Quadro vs GeForce for Parallel Encoding

We’re trying to test multiple parallel encoding on a single GPU device and seem to hit a limit with GeForce that doesn’t exist with Quadro. When initializing a third encoder on GeForce, the call to NvEncOpenEncodeSessionEx fails with NV_ENC_ERR_OUT_OF_MEMORY. This is regardless of video resolution.

So question, is this a true limitation of the “consumer” grade GeForce? Or a bug in our implementation that coincidentally doesn’t trigger on a Quadro device?

The Quadro board in question is a M6000 and the GeForce is a Titan Xp. Latest driver 381.22 running on CentOS 7.3

Yes, true limitation (in driver).
Only >=x2000 Quadros (and Grid and Tesla) support unlimited encoder sessions/streams (see https://developer.nvidia.com/video-encode-decode-gpu-support-matrix).

Okay thank for the info! Although this is annoying for unit tests running in parallel…

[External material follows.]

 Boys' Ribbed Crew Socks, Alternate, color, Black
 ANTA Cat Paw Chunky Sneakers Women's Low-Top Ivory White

Did some tests and it seems that the limitation is per host rather than by device. We have a rig with two Titan Xp and wish to leverage the encoders, I would expect we’d be able to do 4 parallel encoding but we still hit the same restriction. This was tested with the official sample application NvEncoder like so:

These first two session run fine, one on each device

> NvEncoder -deviceID 0 -i /dev/random -size 512 512 -endf 0 -o /dev/null
> NvEncoder -deviceID 1 -i /dev/random -size 512 512 -endf 0 -o /dev/null

The third one, second for device 0, aborts with an error

> NvEncoder -deviceID 0 -i /dev/random -size 512 512 -endf 0 -o /dev/null

The limit seems pretty much arbitrary if it’s per host, and a major problem for our requirements.

Yes, this behavior is officially defined in “application nodes”. Older SDK (<=5) limits to 2*encoder session per system when there is at least one GeForce card in system (license bug - see https://devtalk.nvidia.com/default/topic/800942/gpu-accelerated-libraries/session-count-limitation-for-nvenc-no-maxwell-gpus-with-2-nevenc-sessions-/post/4764210/#4764210).

Cite from Video SDK 5.0 “application notes”:

The current SDK package allows up to two simultaneous encode sessions per system for low-end Quadro and GeForce cards. If the system contains any low-end hardware (even in conjunction with other high-end hardware), only two encoding sessions will be permitted.

Cite from Video SDK 6/7/8 “application notes”:

The licensing policy is as follows:
As far as NVENC hardware encoding is concerned, NVIDIA GPUs are classified into two categories: “qualified” and “non-qualified”. On qualified GPUs, the number of concurrent encode sessions is limited by available system resources (encoder capacity, system memory, video memory etc.). On non-qualified GPUs, the number of concurrent encode sessions is limited to 2 per system. This limit of 2 concurrent sessions per system applies to the combined number of encoding sessions executed on all non-qualified cards present in the system.
For a complete list of qualified and non-qualified GPUs, refer to https://developer.nvidia.com/nvidia-video-codec-sdk.
For example, on a system with one Quadro K4000 card (which is a qualified GPU) and three GeForce cards (which are non-qualified GPUs), the application can run N simultaneous encode sessions on Quadro K4000 card (where N is defined by the encoder/memory/hardware limitations) and two sessions on all the three GeForce cards combined. Thus, the limit on the number of simultaneous encode sessions for such a system is N + 2.